# Directions
Give the data again exactly as written, skipping any pictures.

+++ Data block

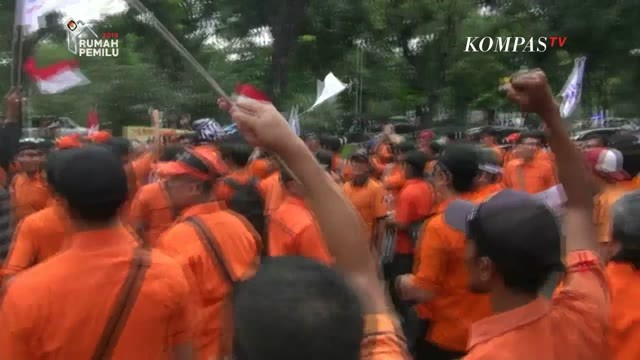 Streaming Gaji Terlambat, Karyawan Tuntut Direksi PT Pos Indonesia Diganti - Vidio.com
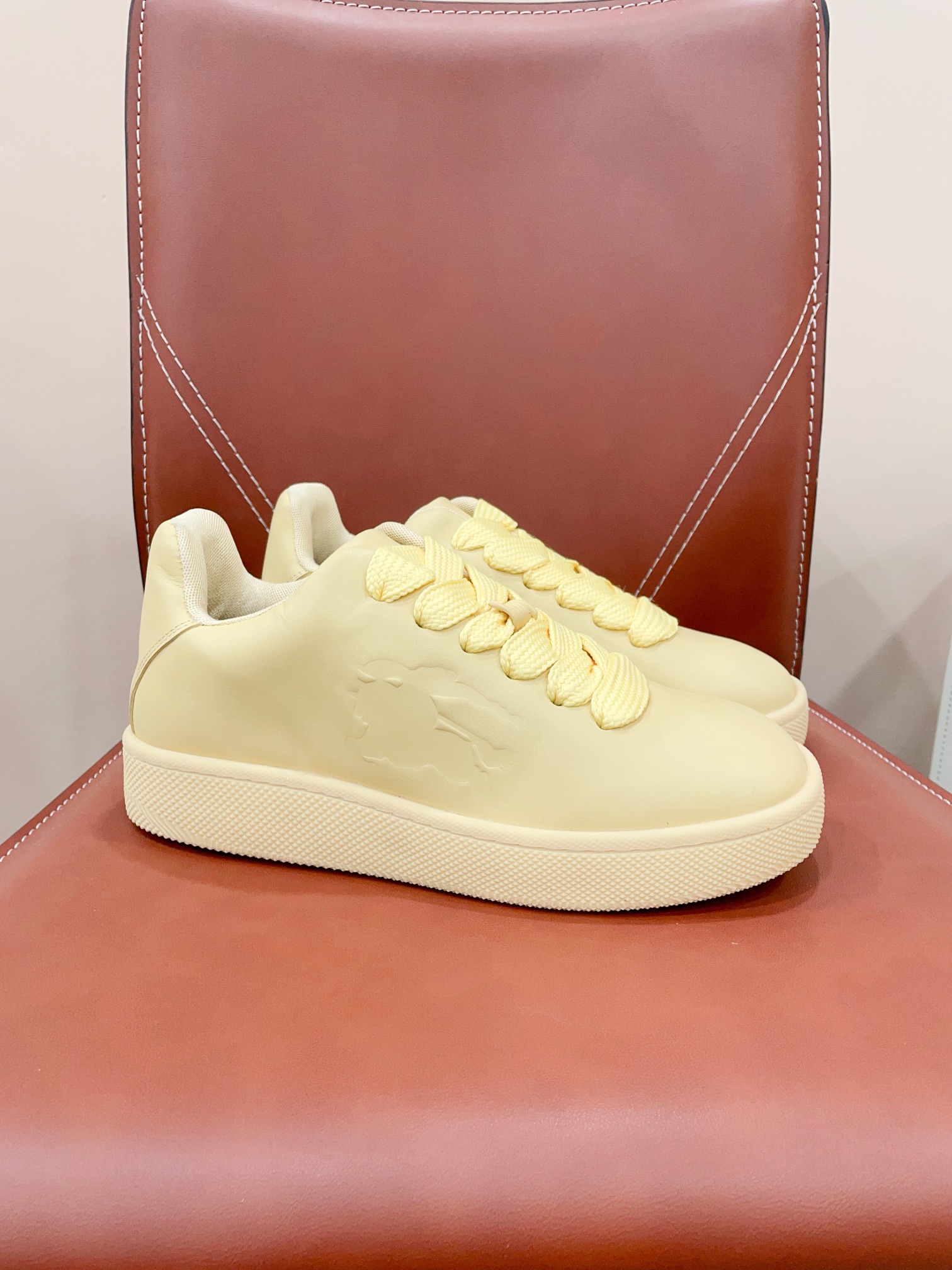 Burberr* 24-Year-Old Retrospect Shoegirls’ Sports Boards – Certified 2024s New - 图片 1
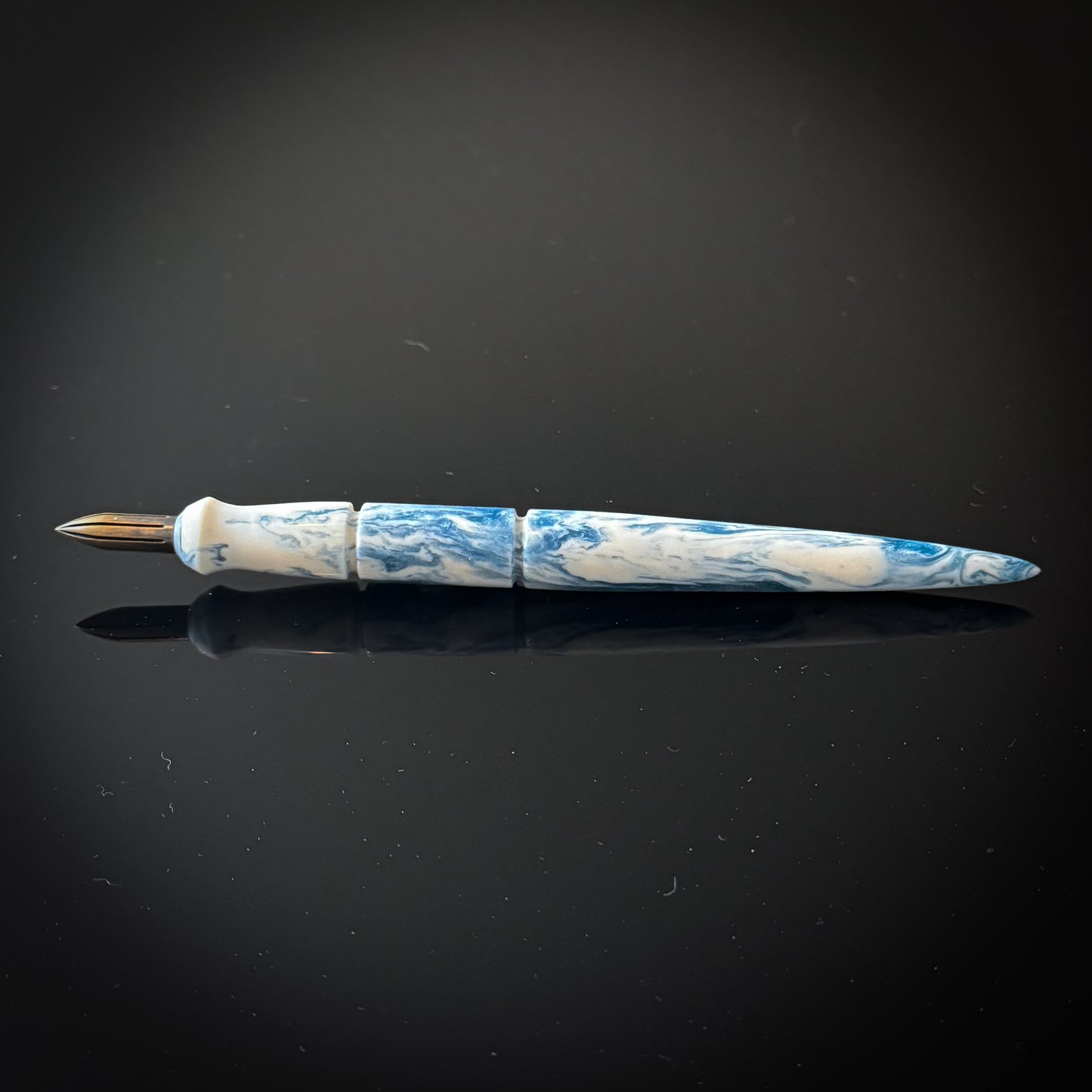 Blue and White Contoured Nib Holder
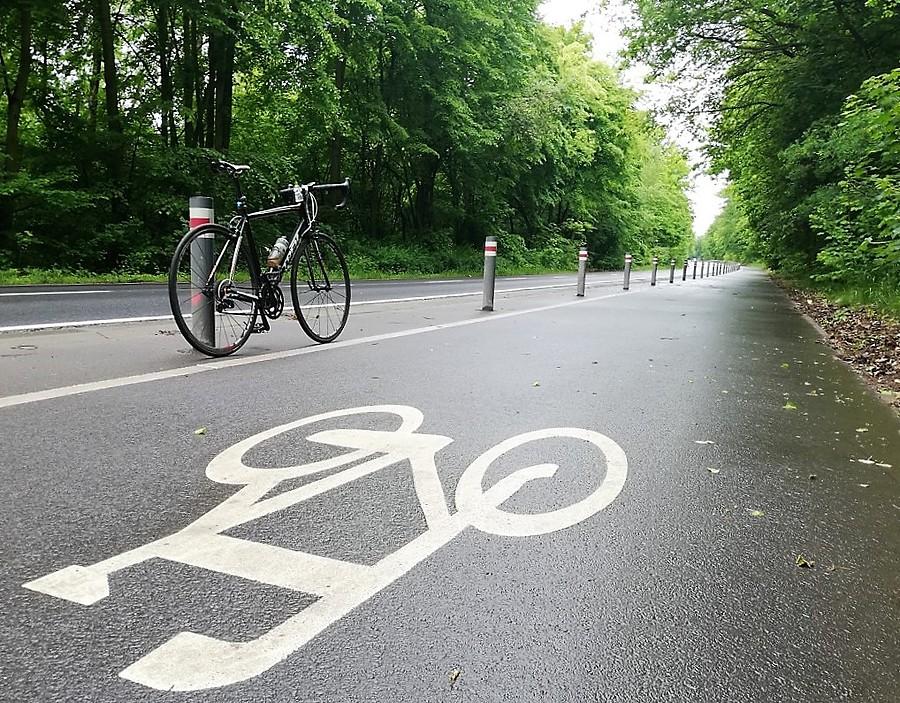 Mokra ulica Koszalińska i słuszna DDR-ka na niej, Poznań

++++++

# Answer to the exercise
 Streaming Gaji Terlambat, Karyawan Tuntut Direksi PT Pos Indonesia Diganti - Vidio.com
 Burberr* 24-Year-Old Retrospect Shoegirls’ Sports Boards – Certified 2024s New - 图片 1
 Blue and White Contoured Nib Holder
 Mokra ulica Koszalińska i słuszna DDR-ka na niej, Poznań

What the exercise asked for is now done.